Leontés se echó a reír. Se acercó por detrás de la muchacha y miró furioso a Telamón, como si éste fuera el responsable de las heridas de la muchacha.
– ¿Eres un milagrero, Telamón? ¿Le untarás la piel con sebo de sapo y bailarás a su alrededor?
– ¡A ti te haré comer el mismo sebo! -replicó Telamón.
Alejandro casi se ahogó de la risa y se levantó.
– No hay nada peor que una caterva de físicos que discuten una cura -se mofó.
– No seré yo quien discuta -contestó Telamón poniéndose de pie con el rostro enrojecido de furia-. He visto antes estos trances. Son engendrados por un muy profundo terror.
El rey se disculpó con la mirada.
– ¿Qué recomiendas?
Telamón cogió suavemente la barbilla de la muchacha y le hizo volver la cabeza.
– ¿Qué es? -preguntó con dulzura-. ¿De qué tienes miedo?
– De la oscuridad.
A la muchacha le temblaba el labio inferior.
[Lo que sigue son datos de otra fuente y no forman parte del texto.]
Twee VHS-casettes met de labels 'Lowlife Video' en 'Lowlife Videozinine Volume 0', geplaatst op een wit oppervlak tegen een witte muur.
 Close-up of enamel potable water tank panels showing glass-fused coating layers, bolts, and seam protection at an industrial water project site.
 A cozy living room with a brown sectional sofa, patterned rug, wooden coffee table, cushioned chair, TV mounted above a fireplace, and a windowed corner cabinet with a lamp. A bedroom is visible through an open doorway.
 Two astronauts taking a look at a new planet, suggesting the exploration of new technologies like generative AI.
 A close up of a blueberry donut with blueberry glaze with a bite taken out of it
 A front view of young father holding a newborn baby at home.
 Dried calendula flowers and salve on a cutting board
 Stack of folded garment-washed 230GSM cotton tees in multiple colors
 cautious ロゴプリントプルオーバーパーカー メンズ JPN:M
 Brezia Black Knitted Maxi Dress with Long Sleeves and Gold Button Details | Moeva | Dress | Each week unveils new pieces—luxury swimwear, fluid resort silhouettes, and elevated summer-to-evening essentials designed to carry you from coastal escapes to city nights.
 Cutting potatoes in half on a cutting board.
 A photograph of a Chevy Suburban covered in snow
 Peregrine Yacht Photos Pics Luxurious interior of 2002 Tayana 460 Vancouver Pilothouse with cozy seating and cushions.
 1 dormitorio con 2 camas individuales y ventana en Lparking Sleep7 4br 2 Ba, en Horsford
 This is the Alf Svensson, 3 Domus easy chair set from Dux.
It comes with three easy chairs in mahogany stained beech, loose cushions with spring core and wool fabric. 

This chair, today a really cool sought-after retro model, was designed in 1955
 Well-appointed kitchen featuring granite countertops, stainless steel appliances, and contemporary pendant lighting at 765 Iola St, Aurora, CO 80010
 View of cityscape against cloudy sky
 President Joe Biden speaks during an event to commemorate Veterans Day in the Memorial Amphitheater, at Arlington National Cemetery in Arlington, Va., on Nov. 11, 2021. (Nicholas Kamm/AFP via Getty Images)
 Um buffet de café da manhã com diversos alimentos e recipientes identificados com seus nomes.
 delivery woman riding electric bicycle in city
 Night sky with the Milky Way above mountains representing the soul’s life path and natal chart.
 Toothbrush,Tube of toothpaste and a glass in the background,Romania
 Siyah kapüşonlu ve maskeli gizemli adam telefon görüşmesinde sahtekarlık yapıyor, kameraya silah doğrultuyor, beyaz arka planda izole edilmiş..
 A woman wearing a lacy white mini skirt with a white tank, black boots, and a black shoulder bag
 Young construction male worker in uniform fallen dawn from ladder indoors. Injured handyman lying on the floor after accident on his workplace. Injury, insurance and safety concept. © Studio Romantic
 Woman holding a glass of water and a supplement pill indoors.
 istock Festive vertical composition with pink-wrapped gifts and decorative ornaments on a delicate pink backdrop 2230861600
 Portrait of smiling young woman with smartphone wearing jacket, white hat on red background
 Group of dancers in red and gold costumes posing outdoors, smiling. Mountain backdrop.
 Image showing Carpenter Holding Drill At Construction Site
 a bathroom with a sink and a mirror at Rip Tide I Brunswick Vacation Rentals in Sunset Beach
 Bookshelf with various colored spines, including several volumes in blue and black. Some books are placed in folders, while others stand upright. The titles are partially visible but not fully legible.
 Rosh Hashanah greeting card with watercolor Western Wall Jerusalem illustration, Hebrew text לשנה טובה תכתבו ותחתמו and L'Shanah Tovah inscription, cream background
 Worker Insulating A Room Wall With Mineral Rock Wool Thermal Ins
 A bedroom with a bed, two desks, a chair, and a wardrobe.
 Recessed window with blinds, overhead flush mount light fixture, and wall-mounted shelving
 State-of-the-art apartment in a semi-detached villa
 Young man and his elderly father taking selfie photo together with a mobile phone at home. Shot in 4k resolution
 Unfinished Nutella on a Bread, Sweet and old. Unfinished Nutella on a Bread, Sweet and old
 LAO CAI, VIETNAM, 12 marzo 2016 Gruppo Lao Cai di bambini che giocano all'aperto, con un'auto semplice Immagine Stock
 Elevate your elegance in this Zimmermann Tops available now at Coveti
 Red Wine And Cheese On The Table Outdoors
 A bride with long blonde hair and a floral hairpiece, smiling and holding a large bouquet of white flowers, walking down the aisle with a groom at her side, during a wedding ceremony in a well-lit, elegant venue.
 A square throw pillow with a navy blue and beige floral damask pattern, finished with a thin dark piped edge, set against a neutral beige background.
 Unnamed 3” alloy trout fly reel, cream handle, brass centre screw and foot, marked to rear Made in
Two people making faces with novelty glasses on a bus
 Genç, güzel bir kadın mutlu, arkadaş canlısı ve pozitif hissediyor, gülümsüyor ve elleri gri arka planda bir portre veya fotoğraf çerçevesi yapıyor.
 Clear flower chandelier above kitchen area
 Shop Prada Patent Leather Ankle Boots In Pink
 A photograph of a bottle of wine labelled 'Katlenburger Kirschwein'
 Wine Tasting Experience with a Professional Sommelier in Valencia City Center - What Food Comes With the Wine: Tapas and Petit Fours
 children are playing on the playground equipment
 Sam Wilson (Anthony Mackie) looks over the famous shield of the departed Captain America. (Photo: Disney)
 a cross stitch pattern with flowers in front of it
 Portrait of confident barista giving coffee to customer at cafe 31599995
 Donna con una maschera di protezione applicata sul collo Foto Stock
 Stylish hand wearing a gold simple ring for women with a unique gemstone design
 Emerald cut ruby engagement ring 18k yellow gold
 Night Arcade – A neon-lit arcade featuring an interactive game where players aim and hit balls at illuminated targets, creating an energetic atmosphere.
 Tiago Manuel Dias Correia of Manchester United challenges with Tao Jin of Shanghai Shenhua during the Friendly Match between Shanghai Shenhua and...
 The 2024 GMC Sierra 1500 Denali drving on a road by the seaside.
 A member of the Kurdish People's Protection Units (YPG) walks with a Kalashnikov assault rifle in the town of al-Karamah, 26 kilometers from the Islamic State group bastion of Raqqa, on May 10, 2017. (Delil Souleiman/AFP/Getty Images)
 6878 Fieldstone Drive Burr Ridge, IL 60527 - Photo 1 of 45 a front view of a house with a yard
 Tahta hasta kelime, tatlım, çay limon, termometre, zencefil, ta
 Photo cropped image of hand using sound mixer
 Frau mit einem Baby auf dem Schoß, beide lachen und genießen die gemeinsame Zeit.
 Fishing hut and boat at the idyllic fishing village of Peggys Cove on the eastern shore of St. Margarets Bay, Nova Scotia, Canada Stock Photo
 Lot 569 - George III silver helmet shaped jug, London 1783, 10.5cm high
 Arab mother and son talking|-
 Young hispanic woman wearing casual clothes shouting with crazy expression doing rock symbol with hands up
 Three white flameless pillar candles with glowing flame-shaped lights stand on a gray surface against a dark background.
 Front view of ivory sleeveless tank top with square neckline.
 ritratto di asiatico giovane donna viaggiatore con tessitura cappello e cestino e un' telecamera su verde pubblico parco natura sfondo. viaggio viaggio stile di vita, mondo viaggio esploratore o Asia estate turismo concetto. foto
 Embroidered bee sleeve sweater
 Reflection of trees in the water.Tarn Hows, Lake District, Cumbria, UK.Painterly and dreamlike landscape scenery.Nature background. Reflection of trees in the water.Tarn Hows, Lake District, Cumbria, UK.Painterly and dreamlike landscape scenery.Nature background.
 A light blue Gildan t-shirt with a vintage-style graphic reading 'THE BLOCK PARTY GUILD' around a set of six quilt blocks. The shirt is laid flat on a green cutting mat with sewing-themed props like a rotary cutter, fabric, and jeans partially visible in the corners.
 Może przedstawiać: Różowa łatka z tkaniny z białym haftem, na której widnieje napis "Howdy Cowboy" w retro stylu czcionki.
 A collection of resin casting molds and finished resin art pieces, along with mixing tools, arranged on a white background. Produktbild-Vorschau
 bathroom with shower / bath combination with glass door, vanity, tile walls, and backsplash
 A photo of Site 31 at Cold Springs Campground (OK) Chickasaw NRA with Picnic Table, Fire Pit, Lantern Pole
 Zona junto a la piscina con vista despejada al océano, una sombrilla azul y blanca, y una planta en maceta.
Su voz era gutural. Telamón entendía su lengua. Durante su exilio, había trabajado un tiempo en Tesalia.
– ¿Qué pasa con la oscuridad?
– Las Furias acechan en la oscuridad. Unos monstruos se enroscan como las serpientes en mi piel -confesó apoyando una mano en su cara-. Y los gritos. Eso y la sangre que mana. La garra de un monstruo se alarga para cogerme. Y el… -cerró los ojos y se sorbió los mocos-. El pozo, visiones horribles, los hedores.
Guardó silencio y miró la mesa, de nuevo ensimismada en sus pensamientos.
Telamón cogió la alforja que llevaba al hombro y desabrochó las hebillas. Buscó entre los pequeños frascos cuidadosamente guardados en los bolsillos y entre las correas interiores. Sacó uno y apretó la mano de la muchacha.
– Te haré dormir -dijo-. Te dormirás durante mucho, mucho tiempo.
– ¿Para qué servirá? -preguntó Alejandro, curioso.
– Permitirá que su cuerpo y su mente descansen. Librará su alma de los fantasmas. Algunas veces se despertará gritando, pero se volverá a dormir.